In the beginning, Onyame, creator of all things, selected 3 black men and 3 white men and gave each a wife. They were shown a large clay pot and a piece of paper and told each group should choose one. Lots were drawn and the black men won. They considered the options carefully.
The pot must hold something of good use and it was large. The piece of paper could not possibly be of much value to them. Eventually, they chose the pot. Once they examined the contents, they discovered some iron and a small piece of gold.
The white men were left with the sheet of paper on which was written “everything they ever needed to know”.
Onyame gave this country to the blacks and took the whites to the great water in the south. He taught them to fell trees and build a boat. He directed them to a country far away and they set sail.
Years later, descendents of the white people returned with goods to exchange for gold, mined here in Ghana, and slaves. (The paper had shown them how to make things)
Some of the captured slaves asked what the white people were like. The answer was that they are very tall and ugly. It hurts your eyes to look at them and if you look for too long you will surely be blinded!

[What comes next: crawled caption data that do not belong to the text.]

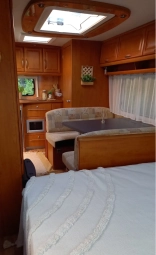                         Caravelair Eden 480 - zdjęcie 12
                        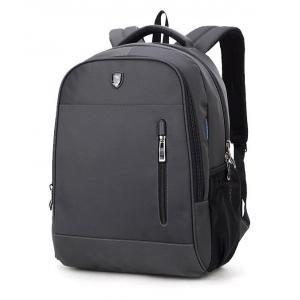 ARCTIC HUNTER τσάντα πλάτης B180018, laptop, αδιάβροχη, γκρι | Οικιακές & Προσωπικές Συσκευές | elabstore.gr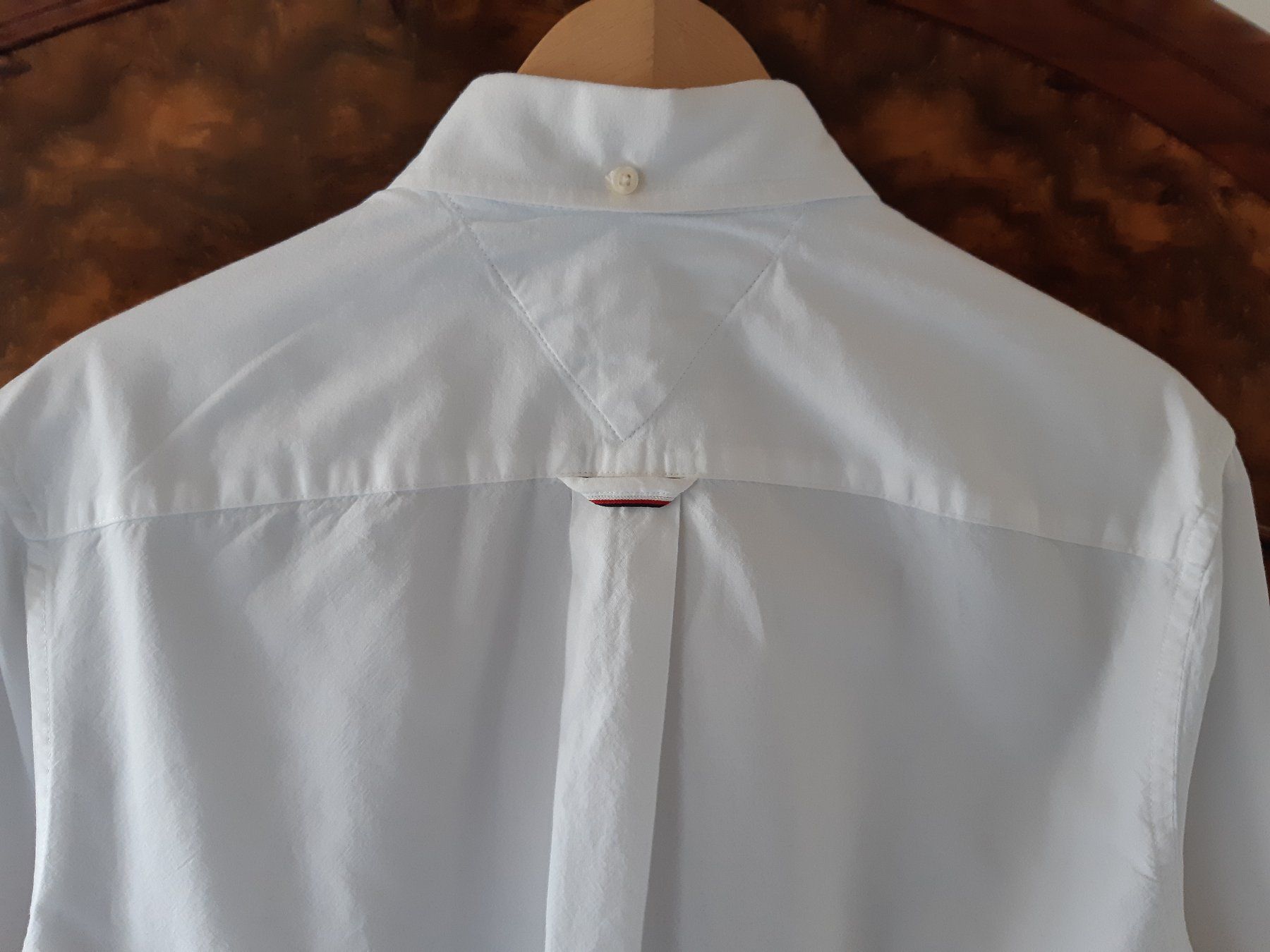 Tommy Hilfiger Camicie: Tommy Hilfiger Oberhemd, Grösse M, – Usato da Freidorf TG venduto da jurist59 6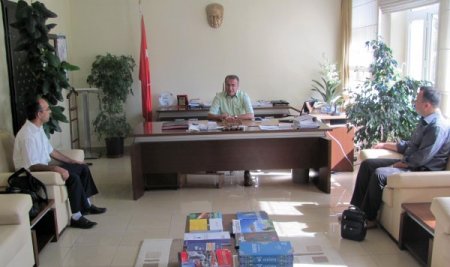 Seydişehir'de İhtiyaç Sahibi Öğrencilere Ücretsiz Dershane Fırsatı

Often, around here I see adults talking to their children about me. The children are sometimes visibly frightened. Then the adults laugh and explain that they tell their children, if they don’t do what they say the white woman will take them away! Fortunately, this doesn’t occur with all of them. I am not aware that I have ever before, knowingly, frightened a child. What a shame it should happen here and through no fault of my own. Last week having spent some time with a couple of 3 year olds, one told the other, in Dagaare, “I don’t fear the Nansapor (white woman), any more”. Thank God. I am working on them individually and in small groups to try and dispel this horrifying myth.